Ordinance making powers of the President
Article 123 of the Constitution grants the President certain law making powers to promulgate Ordinances when either of the two Houses of Parliament is not in session and hence it is not possible to enact laws in the Parliament.
An Ordinance may relate to any subject that the Parliament has the power to legislate on. Conversely, it has the same limitations as the Parliament to legislate, given the distribution of powers between the Union, State and Concurrent Lists. Thus, the following limitations exist with regard to the Ordinance making power of the executive:
- Legislature is not in session: The President can only promulgate an Ordinance when either of the two Houses of Parliament is not in session.
- Immediate action is required: The President cannot promulgate an Ordinance unless he is satisfied that there are circumstances that require taking ‘immediate action’.
- Parliamentary approval during session: Ordinances must be approved by Parliament within six weeks of reassembling or they shall cease to operate. They will also cease to operate in case resolutions disapproving the Ordinance are passed by both the Houses.
The largest number of Ordinances was promulgated in 1993, and there has been a decline in the number of Ordinance promulgated since then. However, the past year has seen a rise in the number of Ordinances promulgated.
- An ordinance may be issued by the President only when one House is in session.
- An ordinance may be made under circumstances which require immediate action.

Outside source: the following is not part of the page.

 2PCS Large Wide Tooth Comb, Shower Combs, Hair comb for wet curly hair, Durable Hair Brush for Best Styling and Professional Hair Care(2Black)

- An ordinance can be made only on subjects on which Parliament can made laws and is subject to the limitations, to which a Parliamentary law is subjected.

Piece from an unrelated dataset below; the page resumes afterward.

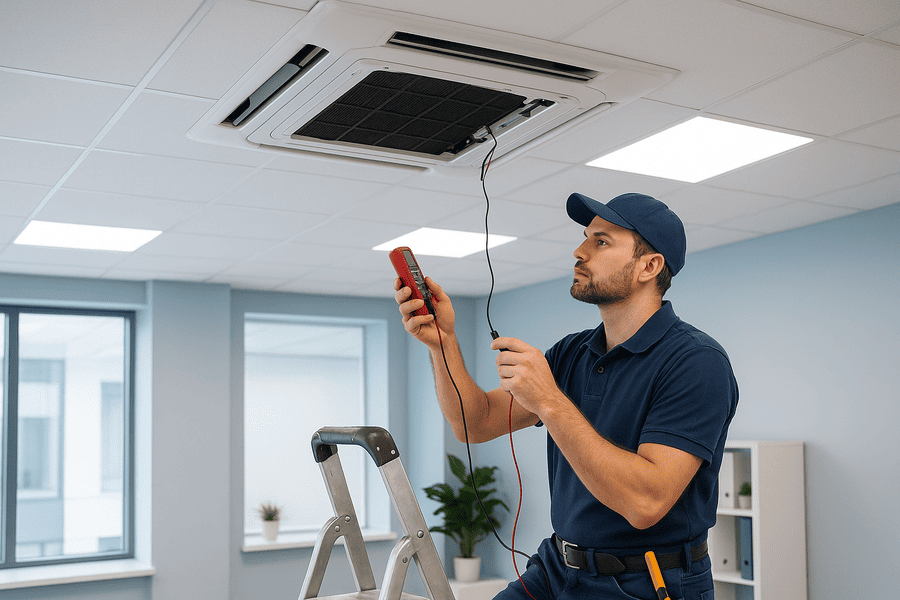 Teknisi memeriksa AC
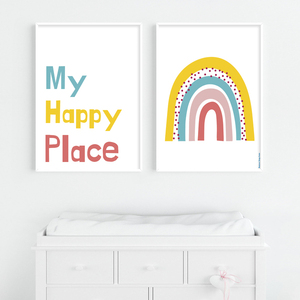 Εκτυπώσιμο σετ 2 αφισών για παιδικό δωμάτιο ''My happy place'' - αφίσες, δώρα για μωρά, δωμάτιο παιδιών - 4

- An ordinance needs to be present before the Houses of Parliament who reassembles. An ordinance ceases to operate on the expiry of six weeks from the reassembly of Parliament.
If the Houses reassemble on different date the period of six weeks is calculated from the later of those dates. Without being approved by the Parliament and ordinance can last for a maximum period of six months and six weeks. All acts done and completed under an unapproved ordinance will lapse.
The President may withdraw an ordinance at any time. However, the President exercises the power on the advice of the Council of Ministers headed by the Prime Minister.
An ordinance may have retrospective effect and may be modify repeal any act of Parliament or even another ordinance. It may also amend or alter a tax law but never can be used to amend the Constitution. This unusual power has been given to the President, so that the Executive can deal with a situation of urgency.